ParallelWaveGAN
ParallelWaveGAN copied to clipboard
Breakpoint problem
hi @kan-bayashi , When using this project to train multi-band melgan vocoder, there will always be breakpoints in the generate audio! Trying to modify the kernal size of the first layer or the kernel size of the upsample laryers both This phenomenon cannot be eliminated.
When I listen to the audio produced by the released model, there is a similar problem, For details, please refer to the attachment identification
LJ050-0033_gen.zip
Is there any way to eliminate it, thank you!
Sorry for the late reply. Unfortunately, I have no clear idea to solve this problem. I wrote some comments:
- Recently I fixed PQMF problem. It may be affected to the quality.
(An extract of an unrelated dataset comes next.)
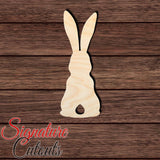 Rabbit 039 Shape Cutout in Wood for Crafting, Home & Room Décor, and other DIY projects - Many Sizes Available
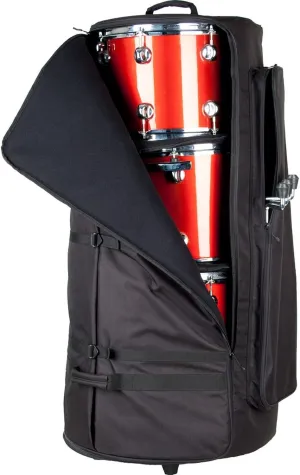 Multi-Tom Drum Bag with Wheels by Protec, Model CP200WL, Black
- How about the increasing
stacks
to expand receptive field? - Is the breakpoint happened at the same position? (e.g, time or specific phoneme or etc...)
Thank you for your
-
new PQMF was not resolved this problem!,
-
Breakpoints appear randomly
-
increasing stacks i will try!
hi @kan-bayashi ! increasing stacks not resolved this problem! I suspect that the deconvolution kernel is responsible for this problem!
Thank you for sharing your experiments. In #216, @LLianJJun suggested the better config. It is worthwhile to try.
@kan-bayashi Thanks!I will try this!
I also find this issue in PWG using sing data, anybody soled this problem?
@zpcoftts! I try to change the size of convolution kernel, deepen the number of stack layers, modify the discriminant function, remove the weight normalize, etc., which can not solve this problem
@maozhiqiang Have you tried increasing "batch_max_steps"?
@LLianJJun ! Not yet, Does it affect the sound quality? My config is as follows
sample_rate=16000, batch_max_steps=8000
@maozhiqiang
I'm not sure.
however, I have a breakpoint in the continuous section of the voiced sound component.
so, the cause of the problem is suspected to be the receptive field or speech segment size.
I will share the results after the experiment.
@LLianJJun thanks!
I changed the receptive field by changing stacks=5
, But the problem remains
I also meet this issue, but it does not appear in pretrain model audios, only appears after dis net is introduced
@maozhiqiang I'm not sure. however, I have a breakpoint in the continuous section of the voiced sound component. so, the cause of the problem is suspected to be the receptive field or speech segment size. I will share the results after the experiment.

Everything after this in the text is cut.